To deal with situations requiring longer (sustained) operations, four or five carriers could be kept in service. Carrier admirals find this appalling, but with the high cost of new ships and shrinking budgets, something has to give.
The Navy is not immune to math, after all. As I've argued over and over, we need to pick a number of ships we need and then build the types of ships we can afford to reach that number.
Heck, modularized auxiliary cruisers might pick up the slack in secondary but still important theaters (in 6th Fleet or around Africa and Latin America) or important but dangerous theaters (western Pacific or Arabian Sea).
If our big deck carriers are no longer forward deployed where they can be the first target in a surprise enemy attack, I won't be bothered one bit. By all means, keep them back. Honestly, if money was no object, I still wouldn't want those big deck carriers as the center-piece of our Navy. When the money was there (or was hoped would soon be there), we never had a real debate on carriers since each side talked past each other on different arguments.
So for me, this is a welcome introduction to reality since until recently the Navy has insisted it could have the numbers it says it needs while keeping a full load of big carriers. Hopefully if money opens up again, it will be for a Navy better balanced to fight for control of the seas and survive while enabling power projection, too.

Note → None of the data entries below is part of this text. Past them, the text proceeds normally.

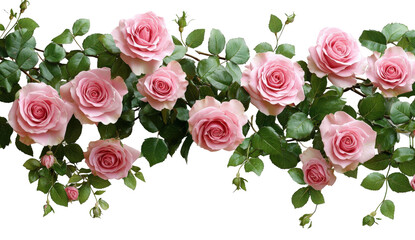 Naklejka premium Bouquet of Pink Roses with Green Leaves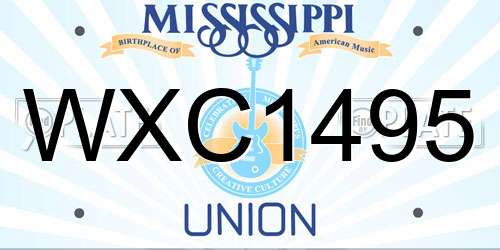 WXC1495 Mississippi License Plate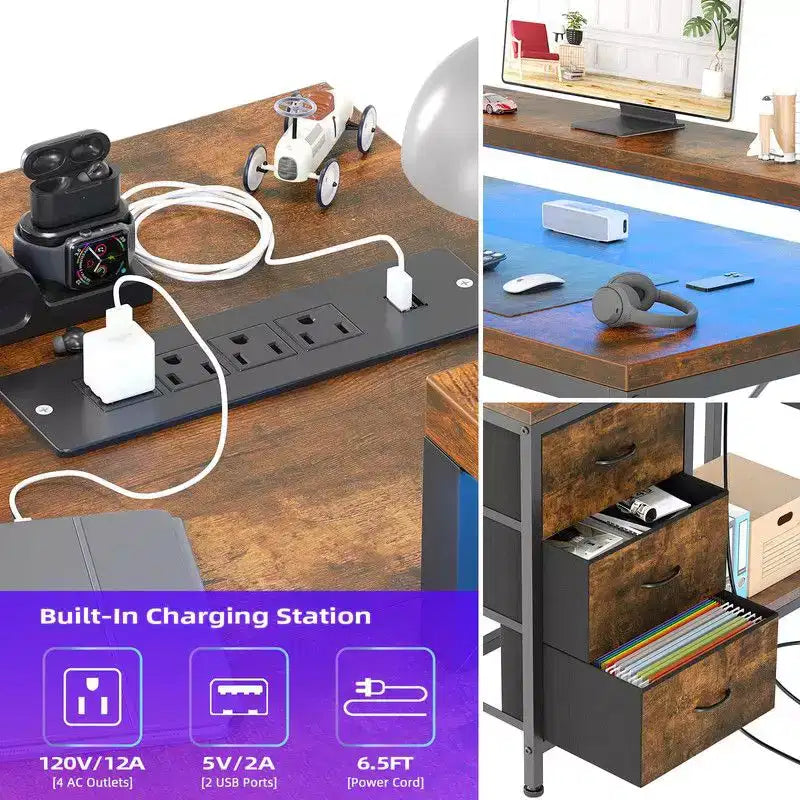 Bureau de jeu en U, bureau d'ordinateur réversible en L de 79 pouces avec prise de courant et bande LED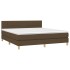 Cama box spring con colchón tela marrón oscuro 180x200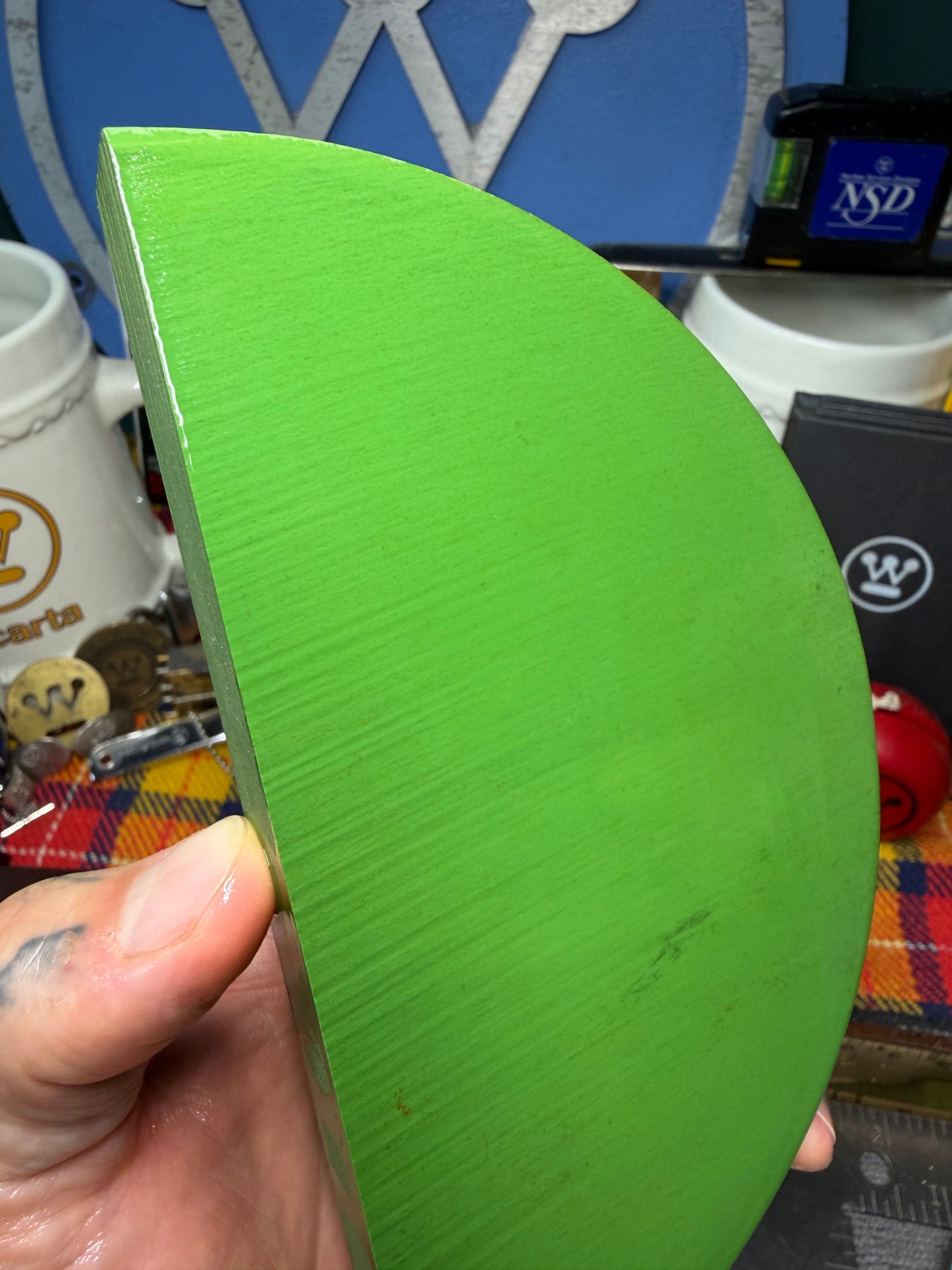 Antique Lime Green Bakelite Block 6 1/4" x 3 1/4" x .65"
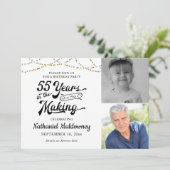 55誕生日55年メイキング・ブラック・金ゴールド 招待状 (スタンド正面)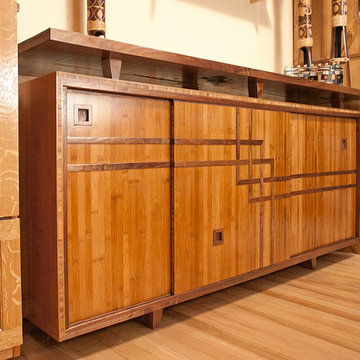 Walnut and Bamboo Buffet with Sliding Doors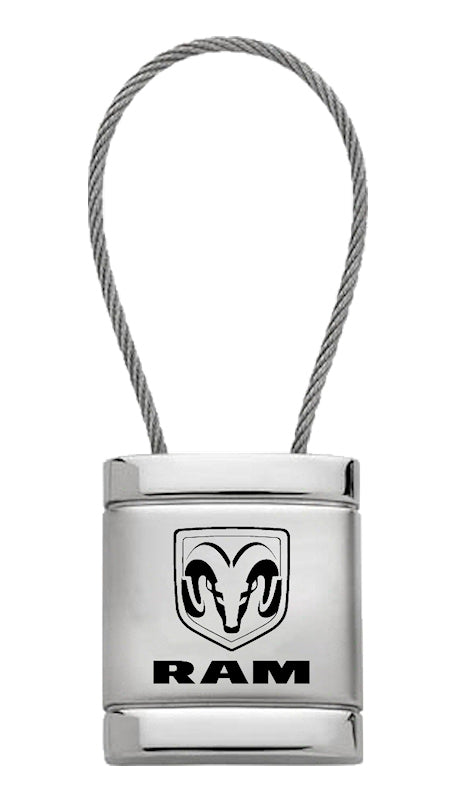 Ram Satin-Chrome Cable Key Fob - Silver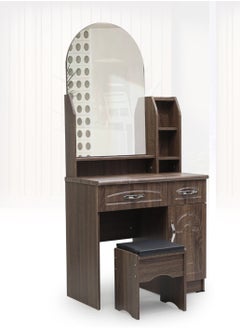 SILA SILA Modern Wooden Dressing Table With U-Shaped Mirror Dressing Makeup Desk With Storage For Bedroom Furniture Color Oak  - Image 1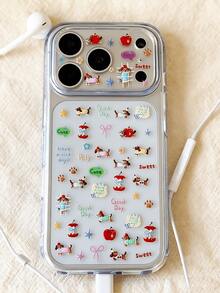 Cute Dog Element Glassy Film DIY Sticker Lens Protector Cute Animal Sausage Dog Apple Bow DIY Sticker Compatible With IPhone 17 Pro Max 17 Pro 17Air 17 16 15 14 13 Pro Max Clear Transparent Camera Protection Glassy Film Spring Gift Party - Apple Dachshund Party - View 7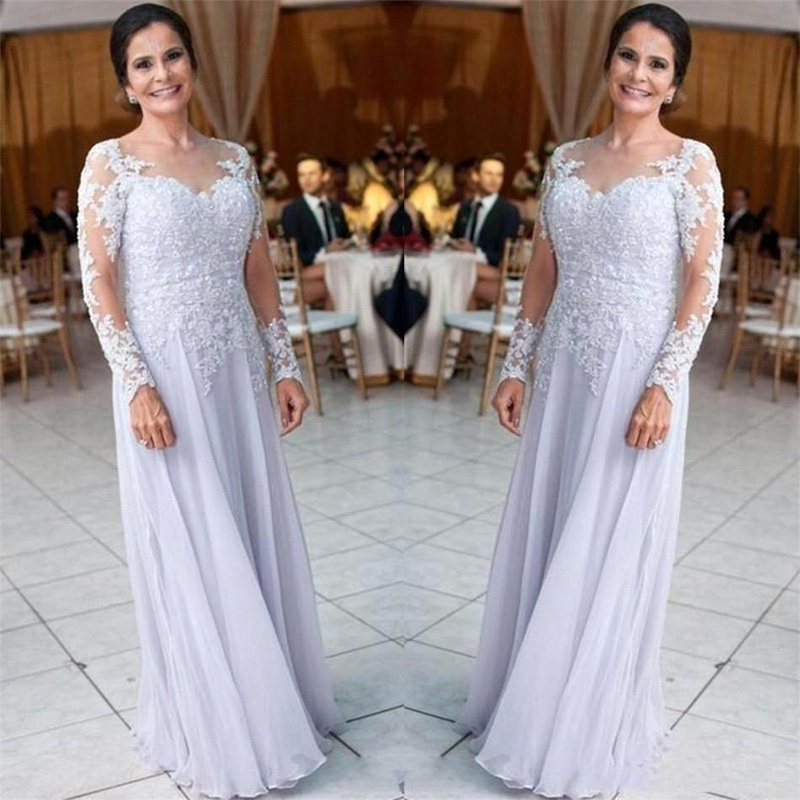 

A Line Chiffon Mother Of The Bride Dresses Long Sleeves Lace Applique Sequins Formal Prom Gowns Plus Size Mothers Wedding Guest Dress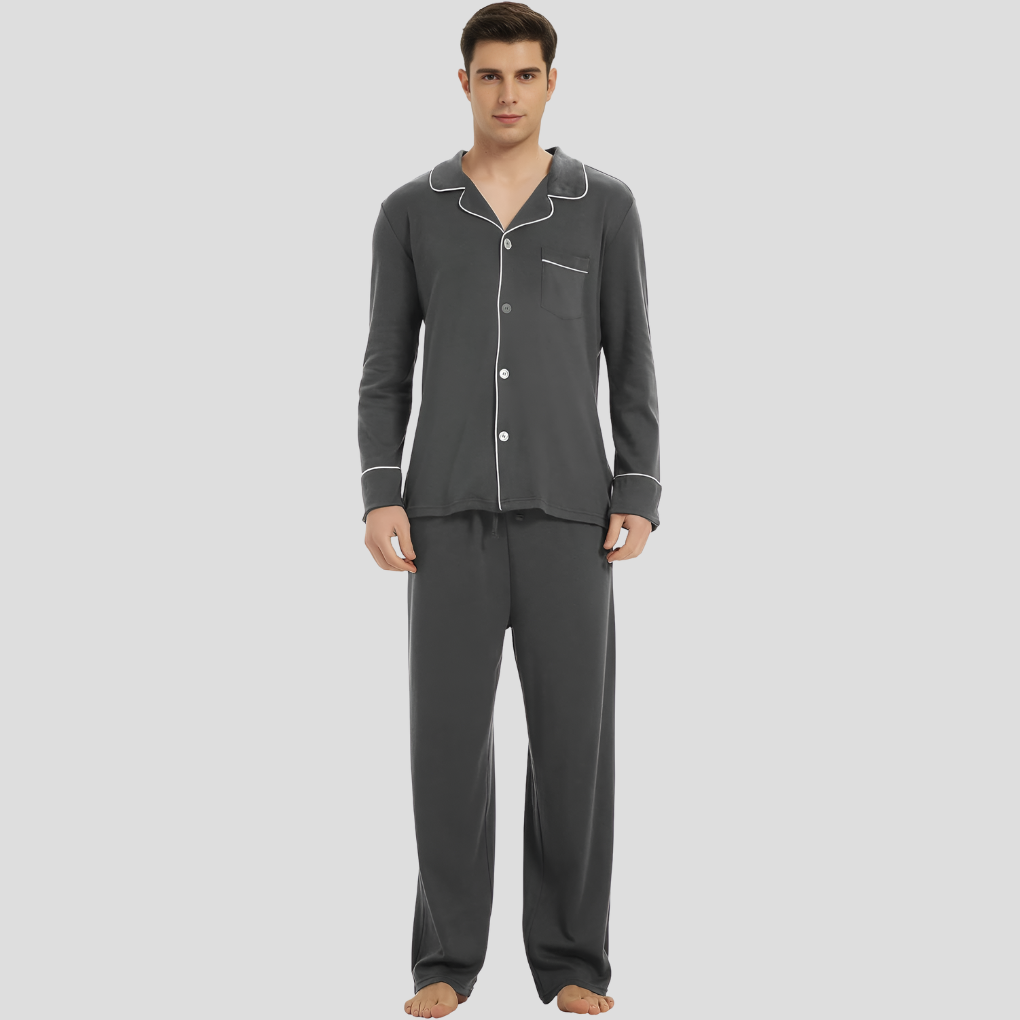Men's Classic Long-Sleeved Cotton Pyjama Set in Timeless Colours | Traditional Button-Front Nightwear for Year-Round Comfort | Koossa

Remember, it isn't like we can't have naval aviation even for situations that don't call for the big decks in a sustained operation. Which is why I do not think we should cancel the vertical take-off version of the F-35 (the F-35B) despite program cost programs (thank you, Britain!).
Our Navy has a proud tradition of success. Carriers have a number of chapters in that story. But the Navy will continue to build that tradition of success long after big carriers are a part of history rather than deployments. How many people today ask, "Where are the monitors?"
Build a strong Navy. Build the right kind of Navy. And build enough of a Navy.
NOTE: Since Lockheed builds the F-35, I should note that I do have a tiny amount of Lockheed stock. It is so little that it doesn't affect my blogging, but I figure I should mention it.